● **Source records**:
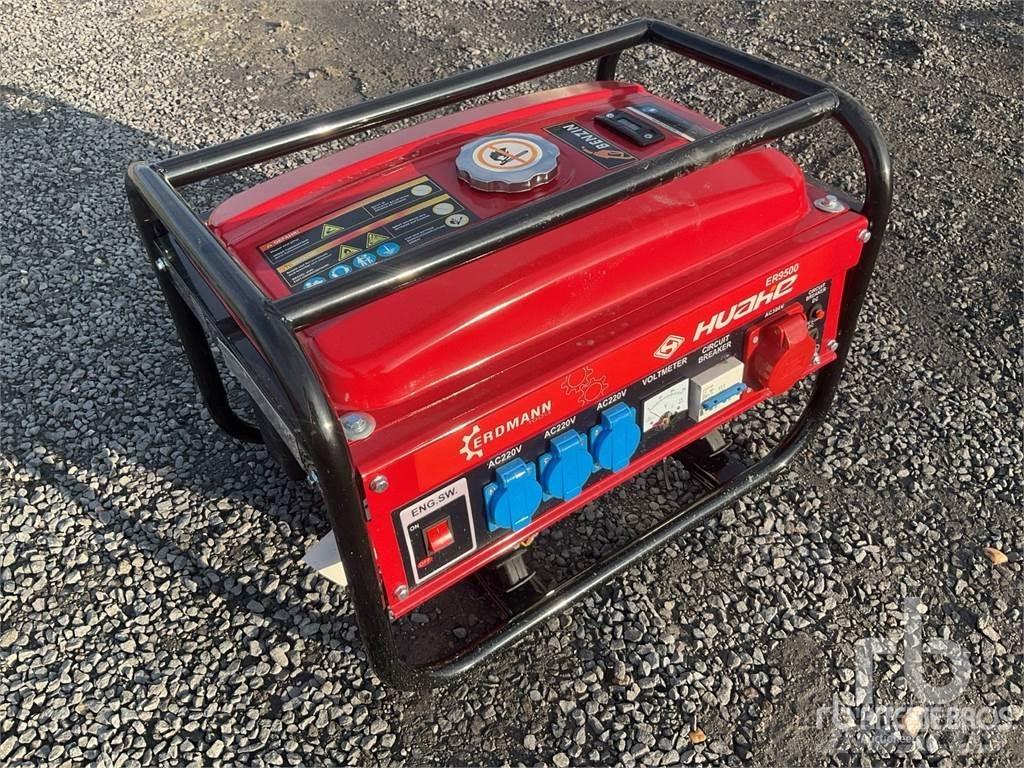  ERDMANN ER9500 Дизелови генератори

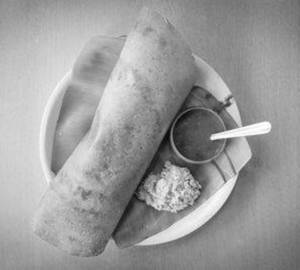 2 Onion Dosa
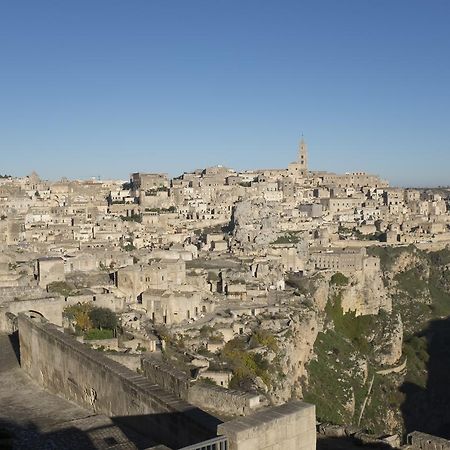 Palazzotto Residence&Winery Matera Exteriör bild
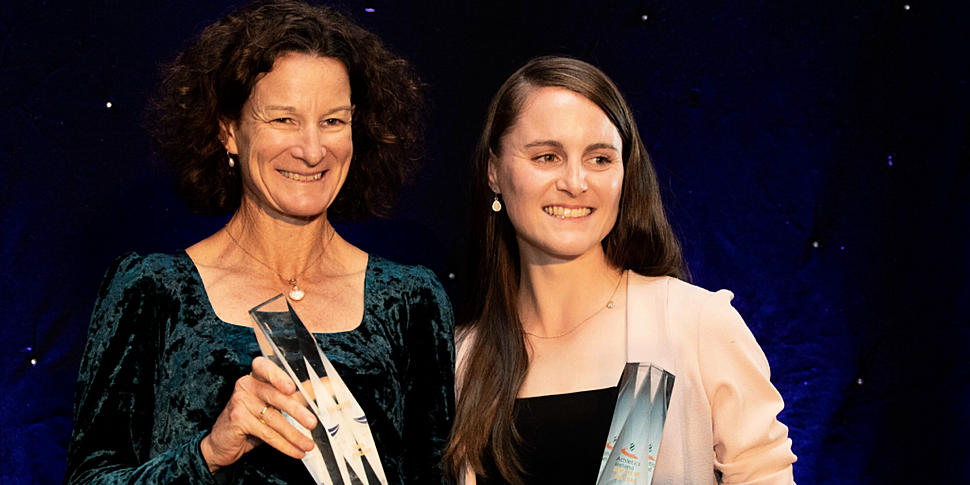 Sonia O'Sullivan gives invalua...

==

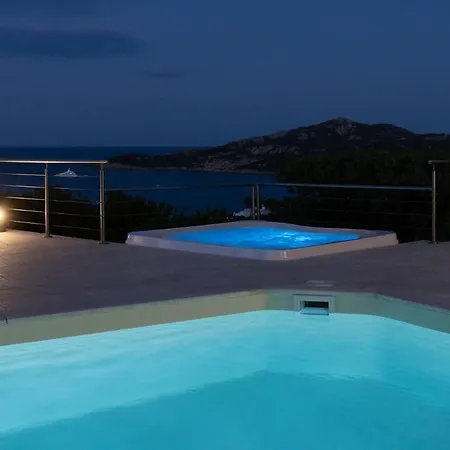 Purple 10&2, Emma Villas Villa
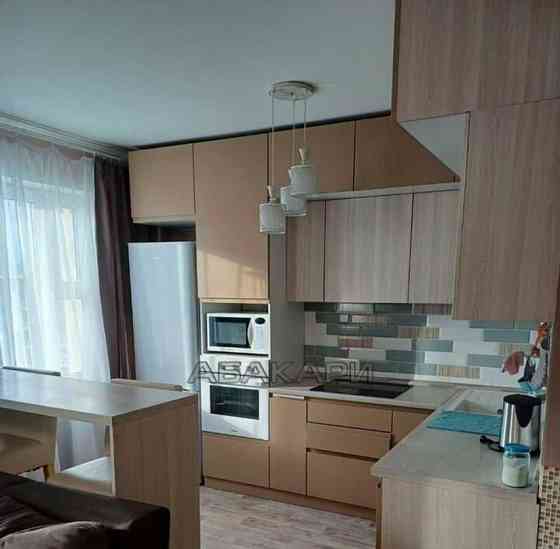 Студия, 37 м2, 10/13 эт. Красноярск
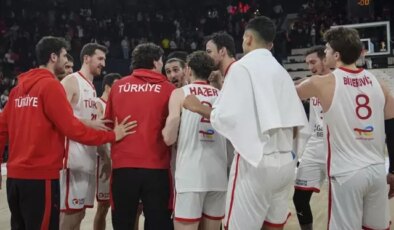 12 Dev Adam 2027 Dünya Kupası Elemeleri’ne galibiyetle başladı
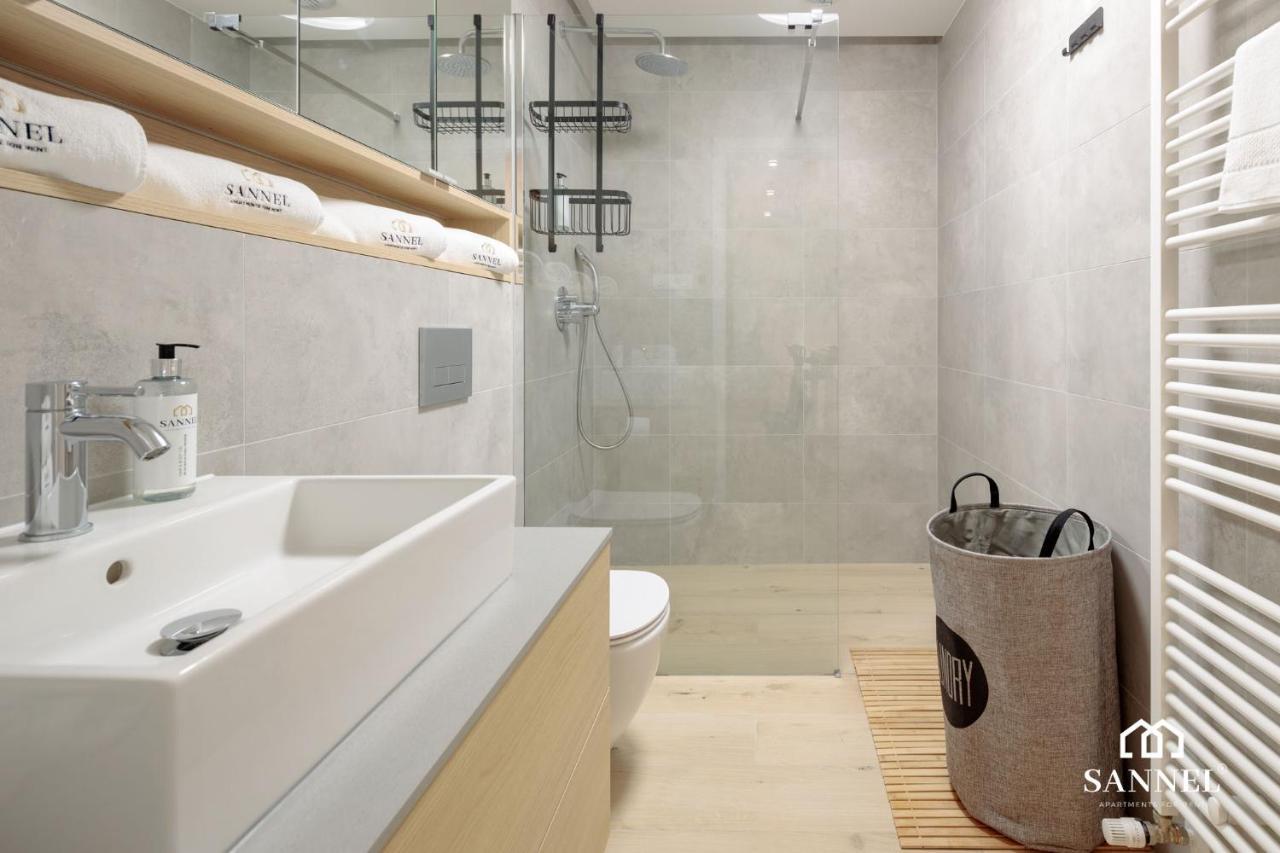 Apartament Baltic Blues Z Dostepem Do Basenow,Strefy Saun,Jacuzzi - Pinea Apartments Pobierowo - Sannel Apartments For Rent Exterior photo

==

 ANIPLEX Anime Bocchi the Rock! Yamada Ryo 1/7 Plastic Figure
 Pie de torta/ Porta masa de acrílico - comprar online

● **What the task asks**:
Above are the records; restate exactly the lines from the one containing "ERDMANN ER9500 Дизелови генератори" through the one containing "Sonia O'Sullivan gives invalua...", keeping pictures out.

● **Response to the exercise**:
  ERDMANN ER9500 Дизелови генератори

 2 Onion Dosa
 Palazzotto Residence&Winery Matera Exteriör bild
 Sonia O'Sullivan gives invalua...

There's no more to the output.